昔はプレカットだと「職人の手がかからないので工期も短くなるから、プレカットを使わせてください」と言った感じだったのが、機械の精度が格段によくなったことで職人の技量に依存しない安定した品質が確保され、今ではプレカットじゃないと安心できないと言われるまでになってきています。
スーパーメタル工法とはまた別なんでしょうか?
スーパーメタル工法は仕口の部分を金物でやっているんです。手間としてはプレカットより少ないという面もあるんですが、まだ少し高いんです。スーパーメタルにしてもそうですし、ビックフレームやロケットピンなど金物工法があるんですが、基本的にはみんな一緒です。
工法についてはどうやって決めているんでしょうか?
大まかに分ければコンクリート・鉄・木となりますよね?そしてコンクリート・鉄・木の順番でコストが高くなるんです。そうすると予算の関係で木での工法を選択することが多いです。かといって木造の工法が悪いわけではないんです。むしろ住み心地はいい。ですから木造工法が選択されることが多いんでしょう。
コンクリートの家って存在するんでしょうか?
ありますよ。有名なところでは安藤忠雄さんの住吉の長屋で、コンクリートの素材を活かした打ちっぱなしなんですね。この建築物で安藤さんが賞を獲って以来、みなさんコンリートの素材を活かした家というものを建築するようになって、コンクリートの家はいわゆる高級なイメージがあるようです。まあ、値段が高いので高級といえば高級なんでしょうけど。
コンクリートの家は機能的にはどうなんでしょう?
そうですね・・・。まあ冷たいでしょうね。あと、コンクリートが本当に乾燥し切るまで10年近くかかったりします。だから地下室などに行くと湿った感じがしますよね?外側が土なので内側からしか乾燥せず、完全に乾燥するのになおさら時間がかかっているんでしょう。近頃はコンクリートの乾燥を促すような薬を混ぜることで、コンクリートを早く乾かすこともできるようにはなってきているんですが、それでもすぐには乾燥しないですよね。鉄筋などは中に鉄が通っていて外が石なので、医学的根拠があるわけではありませんし、直接何が起因しているのかはわかりませんが底冷えを感じることが多いです。 断熱材を入れることで幾分底冷えがマシになったりはするんですがあんまり冷えたら体によくないですよね。
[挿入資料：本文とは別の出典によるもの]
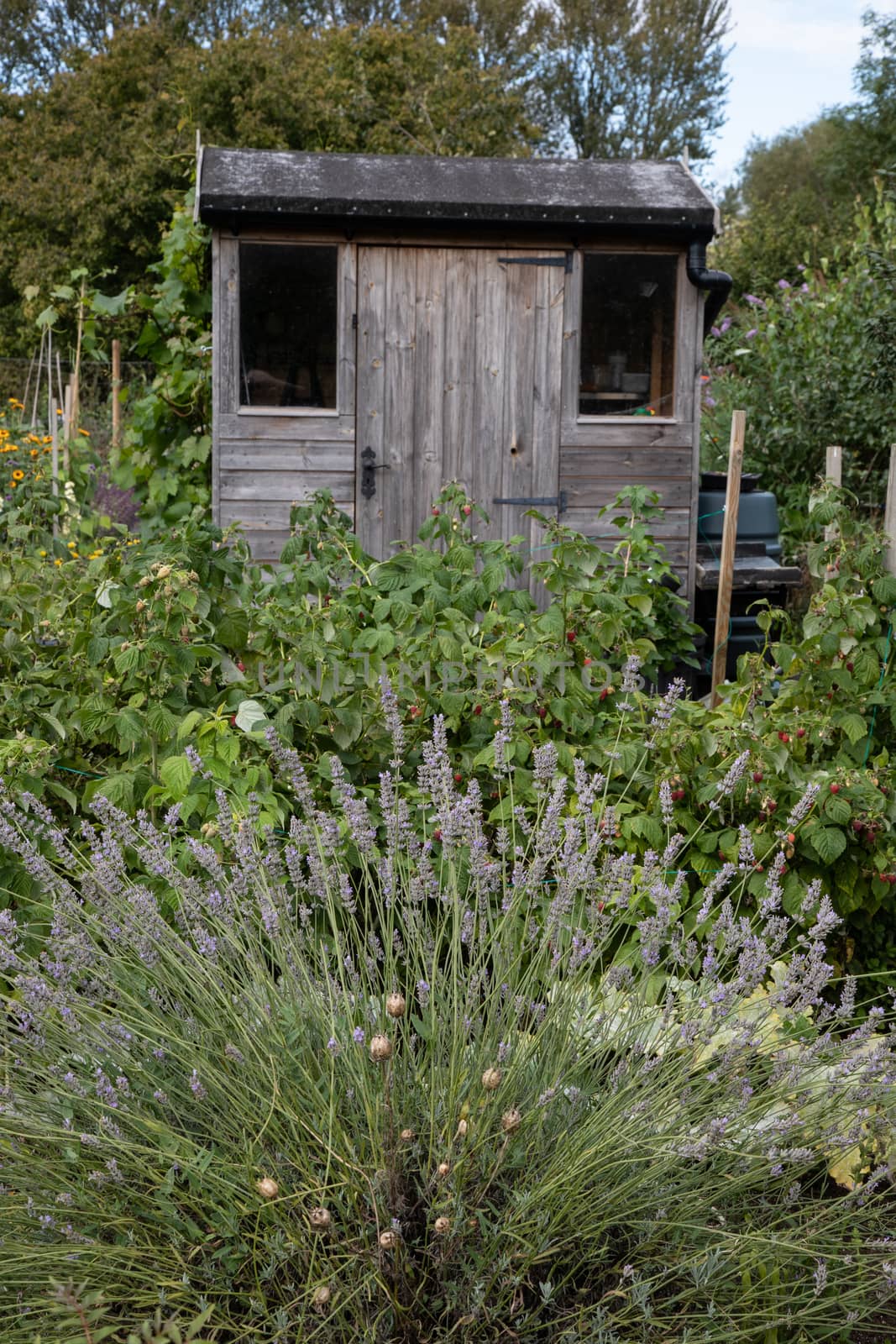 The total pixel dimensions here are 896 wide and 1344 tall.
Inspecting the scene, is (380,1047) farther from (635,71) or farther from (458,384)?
(635,71)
メリットはないんでしょうか?例えば暑い時期には涼しいとか?
そんなことないですね。(笑)石と鉄なんで熱伝導率が高いので外側が温まれば中も暑くなりますね。
鉄筋コンクリートというのは建物を形造る時にさまざまなメリットがあります。そういった面で設計者もコンクリートを使いたがるのかもしれませんね。
またコンクリート材を使用すれば木造では耐久性に問題が出るような大きな建造物も造れますし、石は圧力に強く、鉄は伸縮する特性を持つのである種の耐震性が生まれます。
だからと言って一般住宅に関して言えば木が耐震性の上で鉄筋コンクリートに劣るというわけではありません。木はそれ自体伸び縮みするんで揺れている間も力が抜けると考えられていて耐震方法が異なるだけで建築基準法はどの建材でも条件を満たしているのでご安心ください。
それでは木というのは熱伝導率が低いんでしょうか?
最高の断熱材は空気なんですよね。顕微鏡などで見ると木の細胞の中にはその空気の導管がらせん状に走っているんです。その空気があのレベルで練り込まれている素材というのは木しかないと言えると思います。
コンクリートも完全に乾き切れば、今まで水分があった部分にに気泡のような隙間が生まれます。そうすれば湿気も吸うし、断熱効果も生まれるでしょうから住み心地は増すでしょうね。